The software will only monitor those devices — primarily iPads — that are owned by the district and issued to students. But that monitoring will happen regardless of whether the devices are used at school, at the student’s home or elsewhere. Vignery said that Gaggle is capable of flagging content around-the-clock.

In an interview with CBS News in 2021, Jeff Patterson, the founder and CEO of Gaggle’s parent company, Gaggleware, said the software was monitoring devices used by more than five million K-12 students and generated more than 140,000 incident alerts over the 2020-21 school year. He was also asked whether warning signs might go undetected if students were aware that they were being monitored and became more cautious and guarded about what they wrote. Patterson told the interviewer that his software was “an early warning system to identify children in crisis before tragedy happens.”

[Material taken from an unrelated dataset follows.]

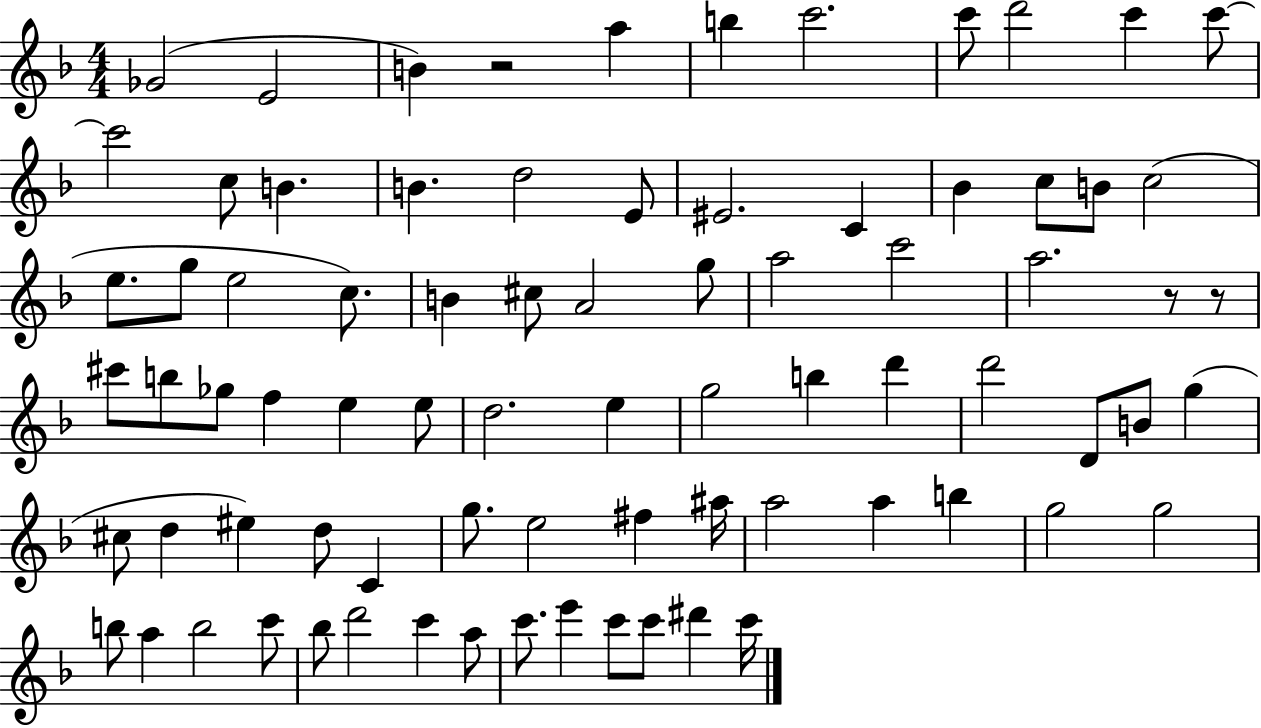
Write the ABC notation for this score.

But context matters, Vignery said. District administrators are going to be tasked with determining levels of severity for flagged content, he said, ranging from “something less than an overt threat” to “life-threatening scenarios.”

“It could be something that we’re just going to check into, but if it ramps up a bit, we’ll be getting a phone call from the company,” he said. “We can be contacted 24/7, so we’ll have safeguards in place to make sure someone gets the call.”

Vignery said that district administrators and staff will assist in investigating “red flags,” and that Gaggle staff also plays a role in that. But he also said that the district’s protocols are still in the development phase, and that personnel would undergo professional development training as the district formulated its blueprint. The district’s technology department is slated to meet with Gaggle associates this week.

“At that point, they’ll start working with our network people on getting things set up,” Vignery said, adding that he anticipated the new software would be fully operational in 40 to 60 days.

“The alert system will be designed to involve all administrators, staff and counselors,” he said.

As part of the roughly $162,000 that the district is paying for the system, Gaggle will assist the Lawrence school district with implementation of the software.

Gordon-Ross said that the software is compliant with the federal Children’s Internet Protection Act, which is designed to shield children from obscene or harmful content on the internet. He also said that the district has long had content-filtering software on its network that also complies with CIPA, but that he’s been displeased with its “lack of consistency” in the types of content it targets.

“Gaggle seems to be more consistent in terms of fewer false hits,” Gordon-Ross said. “The hits with Gaggle are more narrowly focused and much more actionable.”